Wondered if anyone could give me some advice. Things started with me about 18 months ago. I’d had numbness for a few weeks in my left thumb then over the course of a couple of days my entire left arm went numb. I went to gp who did an emergency referral to hospital where I saw a stroke specialist. I was given an mri scan of neck which was clear but the numbness and severe weakness continued. It left my entire arm and concentrated itself in my fingers, appearing also in my right hand fingers and toes, at some pints traveling up arms and also patches in my legs and face. I think my gp sent me to every department possible. I’ve had nerve testing and a further Mri of the brain, blood tests the lot. At the start of this year I was put on a low dose of pregabalin and for a few weeks it helped but I’m back to square 1 again, constant numbness in fingers and toes, very poor grip with left hand, very reduced strength in left arm. I’ve been back to gp who has increased the medication and said she’d refer me back to neurology.
i feel like a fraud as I’ve not been diagnosed with anything and to all I look healthy but it’s getting so wearing.
has anyone else been round the houses before a diagnosis with anything?
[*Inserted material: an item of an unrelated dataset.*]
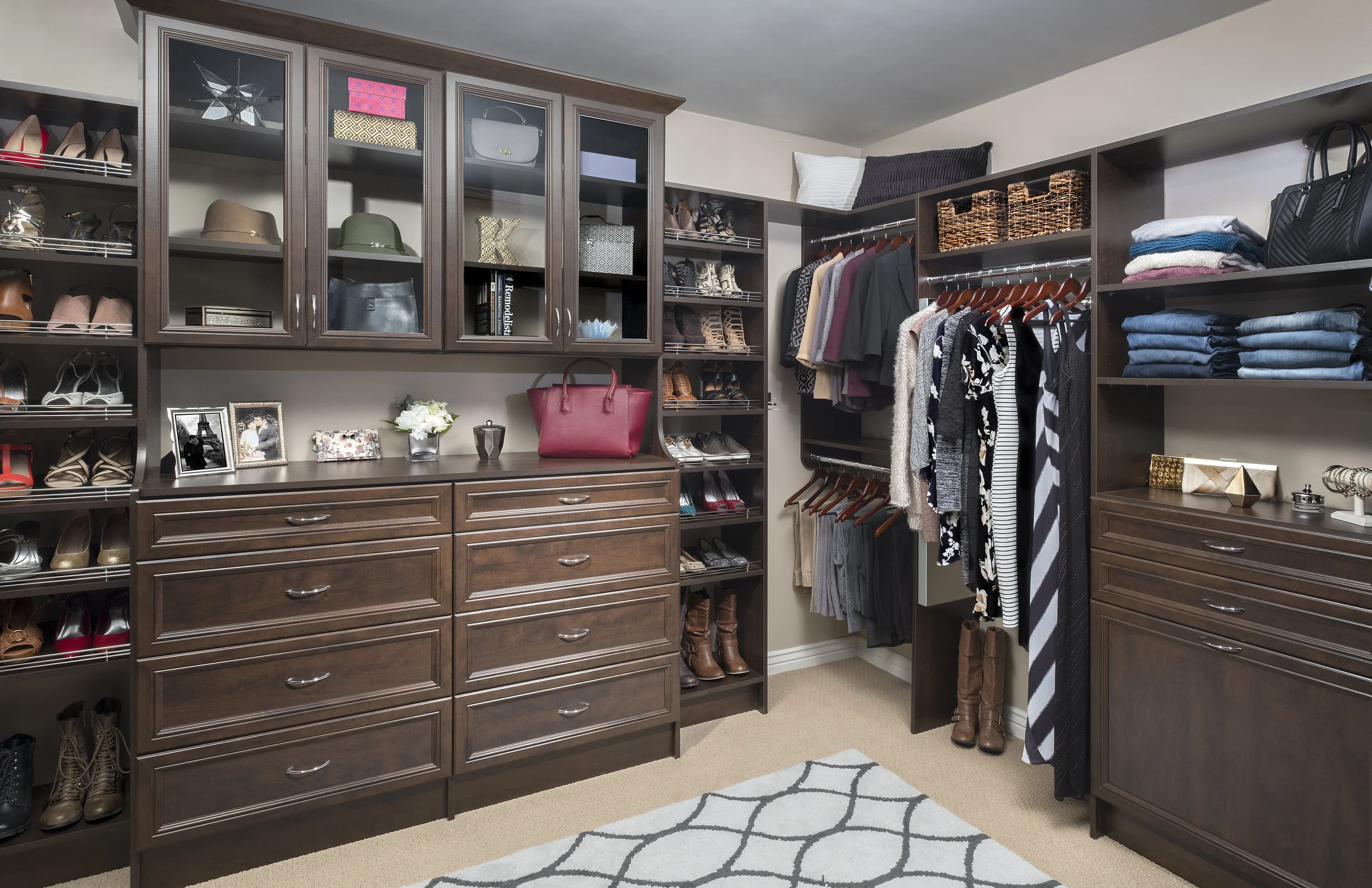 Glass doors are the perfect way to showcase special items while keeping them safe and protected.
Hi, I spent a long time in limbo…I presented with classic PPMS symptoms, yet no test ever proved it. I have a whole barrage of tests and re-tests too.
I had different problems than your`s, which were mostly mobility related.
I was mis-diagnosed with PPMS, then that was changed to HSP…another condition which affects mobility.
Many people spend a long time in the same position as you and they come on here to see if anyone can recognise the group of symptoms you’ve got. The problem with MS is that firstly it’s a very individual little devil, no two people have the exact same group of symptoms, even though many of us share bits and pieces of our disease. And secondly, it can be very sneaky, sometimes people are left in ‘limbo land’ for years, being sent backwards and forwards from GP to neurology and back again.
What you have to get your head round (and the people around you too) is that what you experience is real, you are not a fraud just because diagnosing what’s wrong is a bit difficult, and eventually you’ll find out what that diagnosis is.
It may be MS, or maybe not, perhaps not even directly neurological in origin. Regardless, you will find sympathy on this forum, and people who’ll try to support you through the trials and tribulations of your diagnosis.